NEW YORK (GenomeWeb News) – Researchers from Complete Genomics, Harvard Medical School and Washington University in St. Louis today reported on three of the human genomes that they have sequenced using Complete Genomics' nanoarray technology.
In a paper in the advance, online version of Science, the team described their efforts to sequence the whole-genomes of three individuals: a Caucasian individual and an African individual from the HapMap project and a Personal Genomes Project participant. In so doing, the team found around three million SNPs in each Caucasian genome and four million SNPs in the African genome. They also detected between about 270,000 and half a million small insertions and deletions in each genome.
As reported in GenomeWeb Daily News' sister publication In Sequence last fall, Complete Genomics sequenced its first human genome, that of a HapMap individual of European descent, in the summer of 2008. This September the company announced that it had sequenced 14 human genomes since its limited trial launch in March.
But the current paper marks the first publication on Complete Genomics' nanoarray human genome sequencing method — an approach that uses combinatorial probe anchor ligation or cPAL chemistry in conjunction with nanoarrays that cause the DNA to assemble into so-called nanoballs.
The patterned DNA arrays amplify DNA into a square grid, Clifford Reid, Complete Genomics' chairman, president, and CEO, told GWDN. That keeps the bits of DNA close together, he added, allowing high-throughput sequencing with low reagent use.
Reid also noted that the paper's lead author, Radoje Drmanac, chief scientific officer at Complete Genomics, developed a method for getting unchained base reads, meaning the identification of one base does not depend on knowing the identity of the base before it.
For the current study, the team used Complete Genomics' research grade instruments to sequence three human genomes: one Caucasian man of European descent from the HapMap project, a Yoruban woman from HapMap whose genome is also being sequenced as part of the 1,000 Genomes Project, and a Caucasian man from the Personal Genomes Project.

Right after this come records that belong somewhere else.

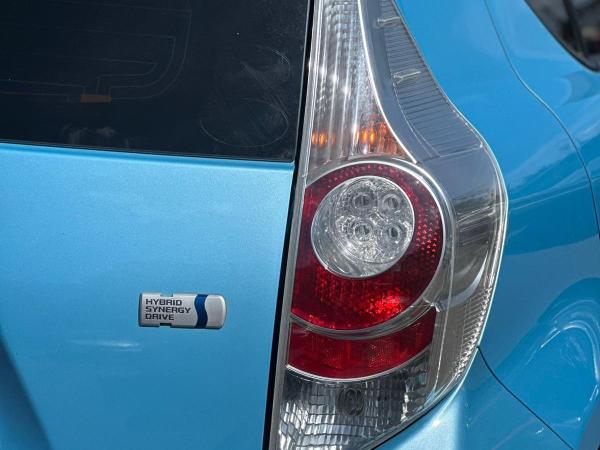 Toyota Yaris 1.5 VVT-h Icon Plus Hatchback 5dr Petrol Hybrid CVT Euro 5 (101 ps)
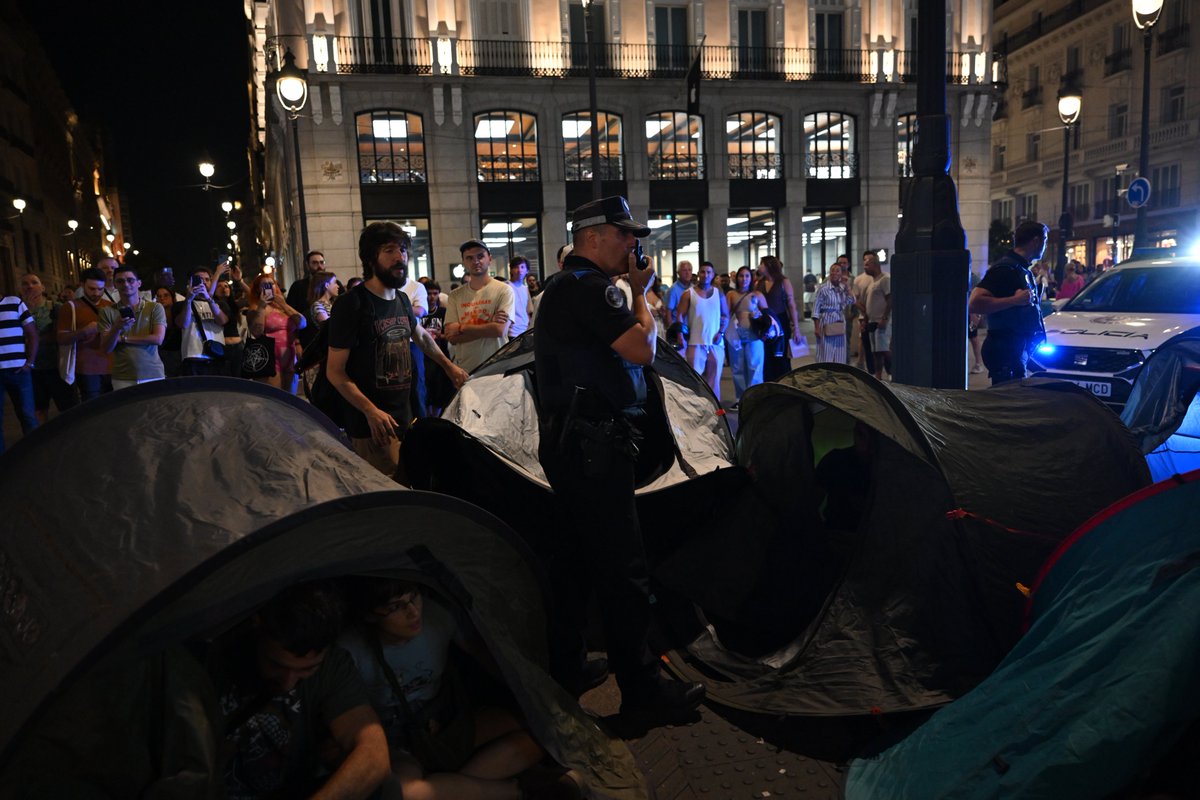 DaniGagoPhoto's tweet photo. Se empieza a acampar en Sol https://t.co/SOzHx04eet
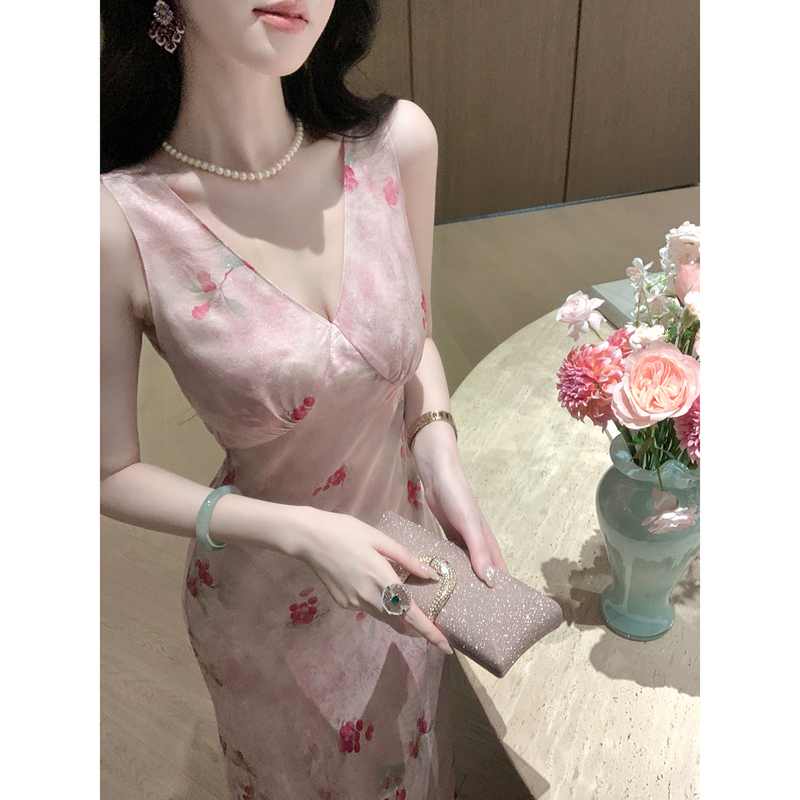 Sun Yaqiao [Feizi Xiao] Haute Couture V-Neck Sleeveless Gold Silk 21mm Red Cloud Silk Mulberry Silk Dress
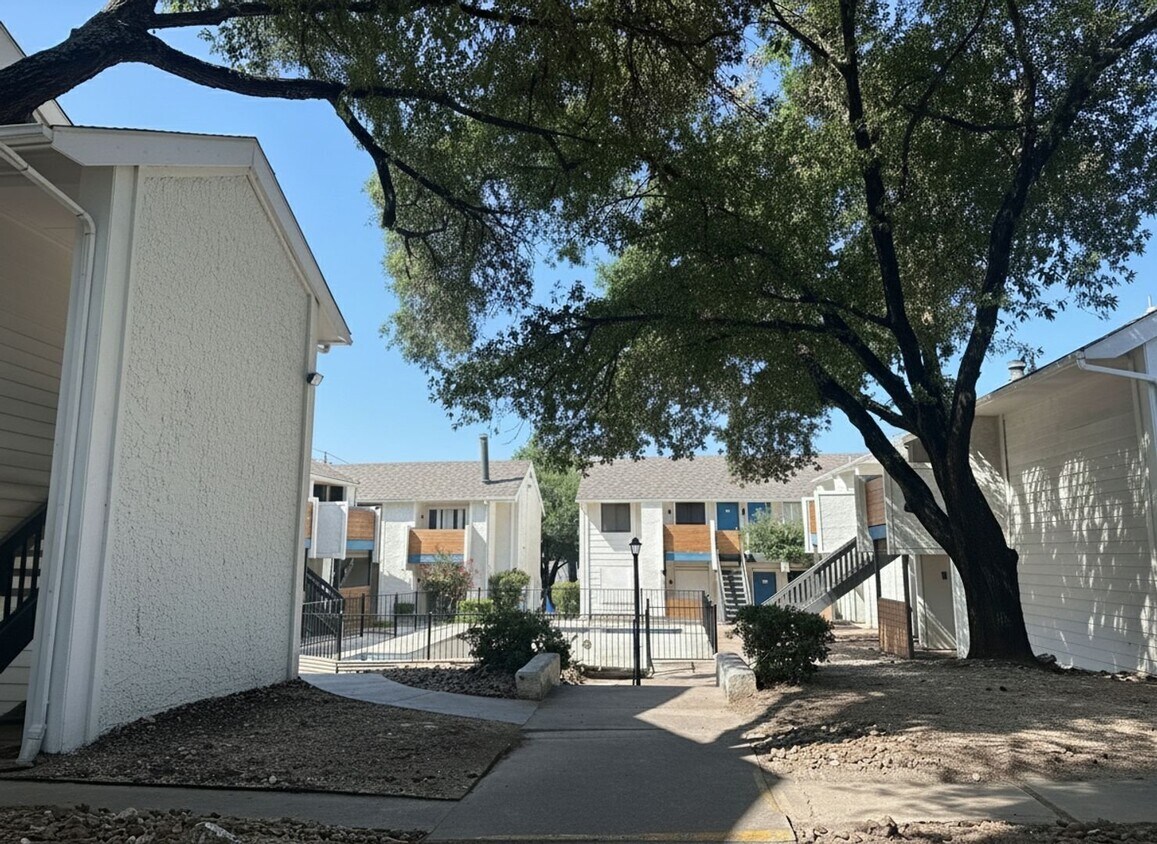 Foto del edificio - 1804 W Rundberg Ln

The team used a range of approaches, including Sanger sequencing and comparisons with known SNP genotypes, to verify the accuracy of their sequencing approach, Drmanac told GWDN. For instance, Drmanac said the error rate in the Caucasian HapMap genome is estimated at about one in every 100,000 bases.
For each genome, the team generated reads covering between 86 and 95 percent of the reference genome at 45 to 87-fold depth.

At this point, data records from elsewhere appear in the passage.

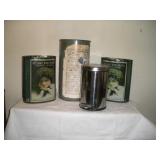 4 Waste Receptacles 4 Waste Receptacles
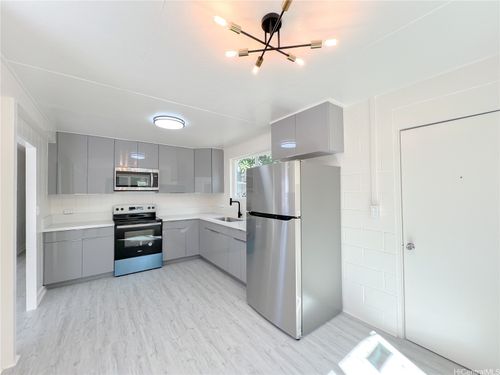 84-290 Makaha Valley Rd, Waianae, HI, 96792-5108 | Card Image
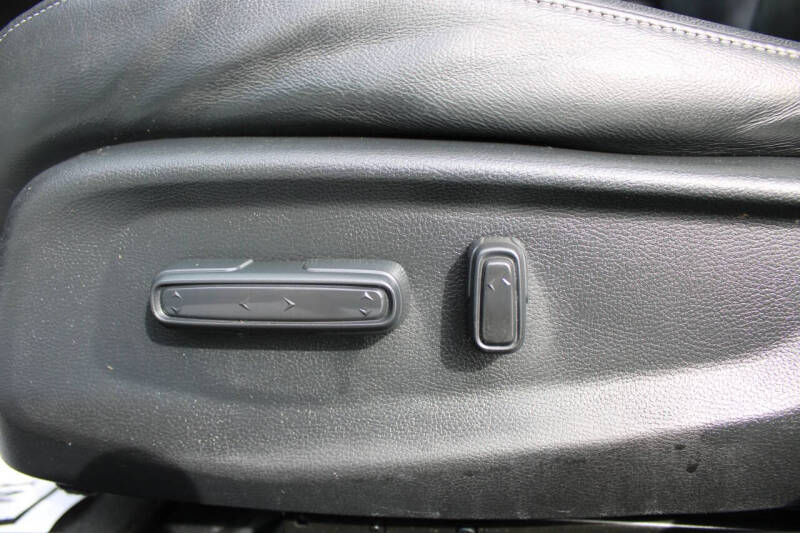 2019 Honda Insight Touring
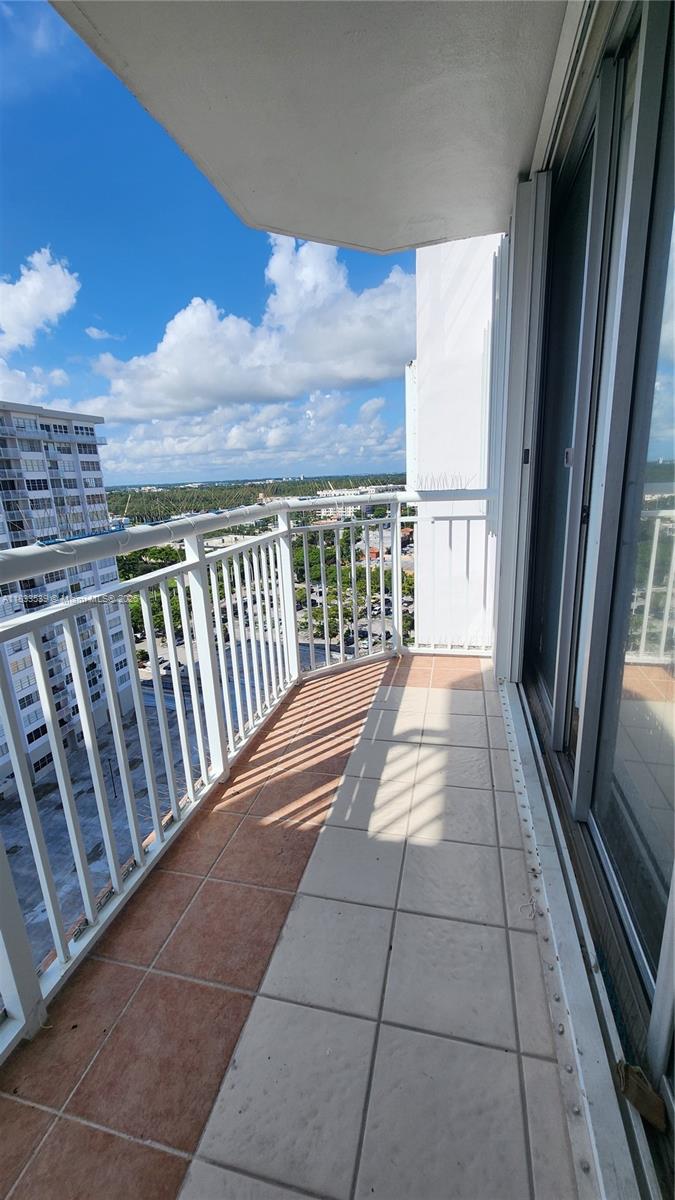 18051 Biscayne Blvd 1705 Property Photo 21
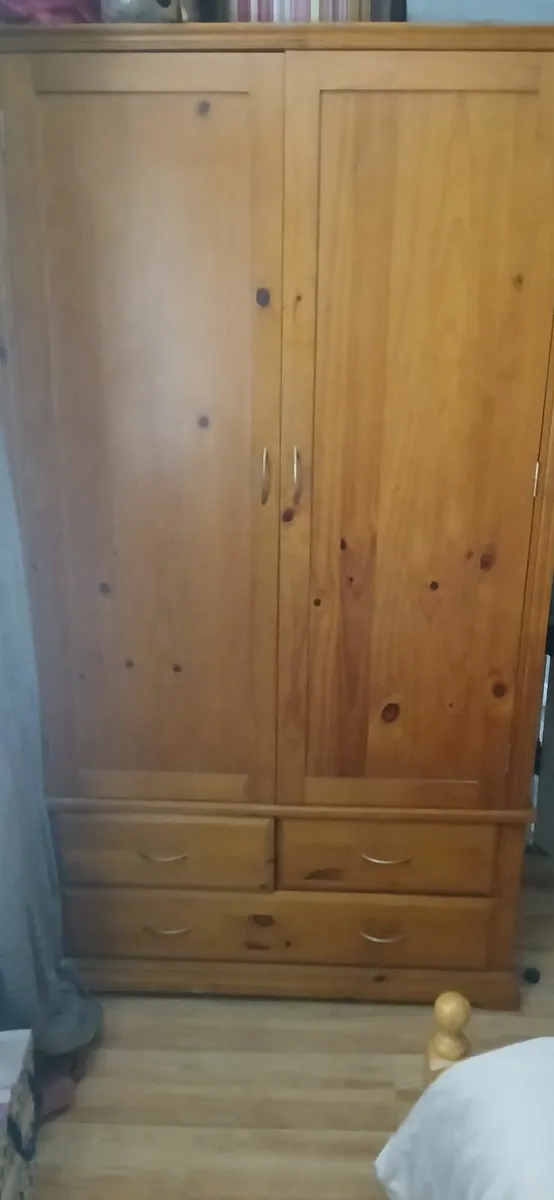 Solid wood bedroom set - Image 1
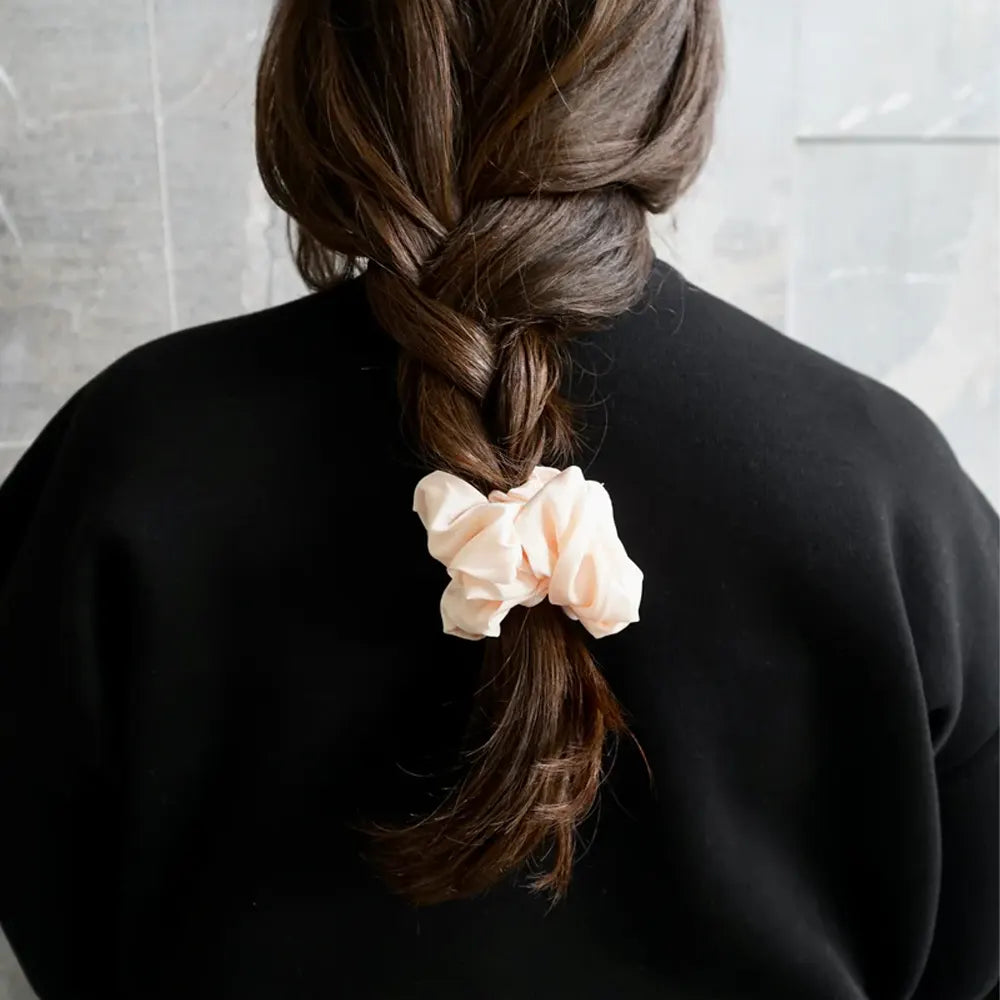 ربطة شعر بامبيدو الحريرية - لون السلمون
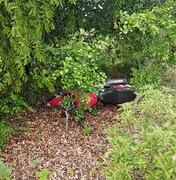 Polícia recupera moto em matagal na zona rural de Arapiraca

The researchers' analyses of the genomes revealed around three million SNPs in the Caucasian HapMap and Personal Genome Project genomes. Ten percent of these were new. Meanwhile, they found more than four million SNPs in the Yoruban genome, 19 percent of which had not been identified in past studies.
The African genome also contained nearly 500,000 SNPs, 42 percent of which were new, and the Caucasian HapMap genome contained almost 338,000 indels, 37 percent of which were novel.

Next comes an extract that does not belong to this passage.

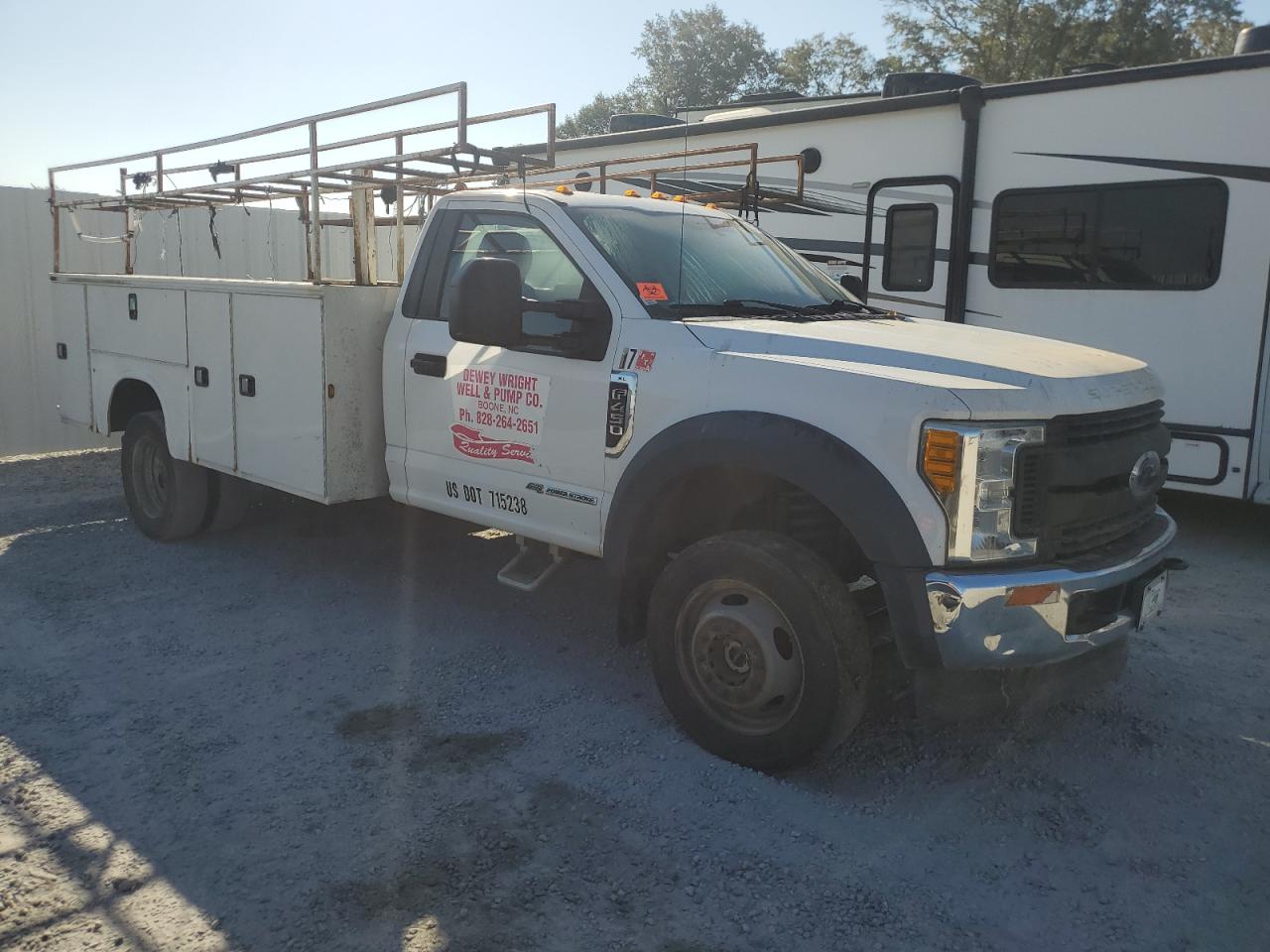 2017 Ford F450 VIN 1FDUF4HT6HEC23269 Copart auction photo, water/flood damage thumbnail 4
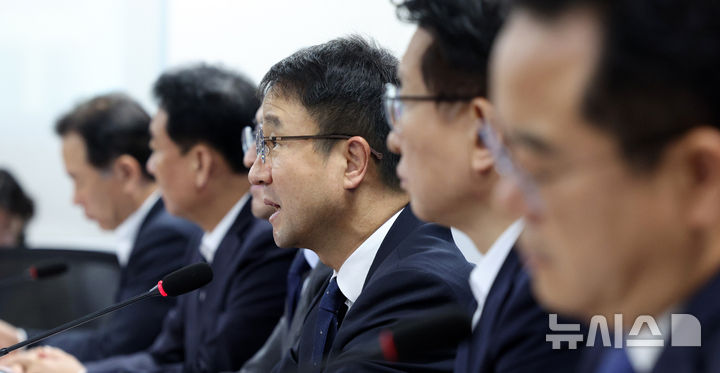 [서울=뉴시스] 고범준 기자 = 한병도 더불어민주당 원내대표가 25일 서울 여의도 국회 의원회관에서 열린 더불어민주당 2027년 예산안 당정협의에서 발언하고 있다. 2026.08.25. bjko@newsis.com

The Personal Genomes Project genome previously reported as belonging to Complete Genomics' scientific advisory board member and Personal Genomes Project leader George Church, contained nearly 270,000 small insertions and deletions. Consistent with results from the Caucasian HapMap man, 37 percent of these indels were new.
Reid said Church is currently analyzing data from his own genome. "We believe he'll make that information public in the relatively near future," he said.
The average consumables cost to sequence the three genomes was $4,400. While the basic technology used to sequence all three genomes was the same, Drmanac said, the team made improvements to the library preparation method, eliminating the GC bias that they had in early sequencing efforts. They also made improvements to the assembly steps.
The company plans to sequence 10,000 complete human genomes at their Mountain View facility next year. The current price per genome for its customers is around $20,000, though that should come down as the number of genomes being sequenced goes up, Reid noted, landing somewhere around $5,000 within the next year.
"We are at the very early stages of scaling up our genome output," he said.
Earlier this week, Complete Genomics and the Institute for Systems Biology announced plans to collaborate on a project to sequence 100 Huntington's samples. The two groups worked together in the past on a family sequencing study to find genes involved in Miller syndrome and a lung condition.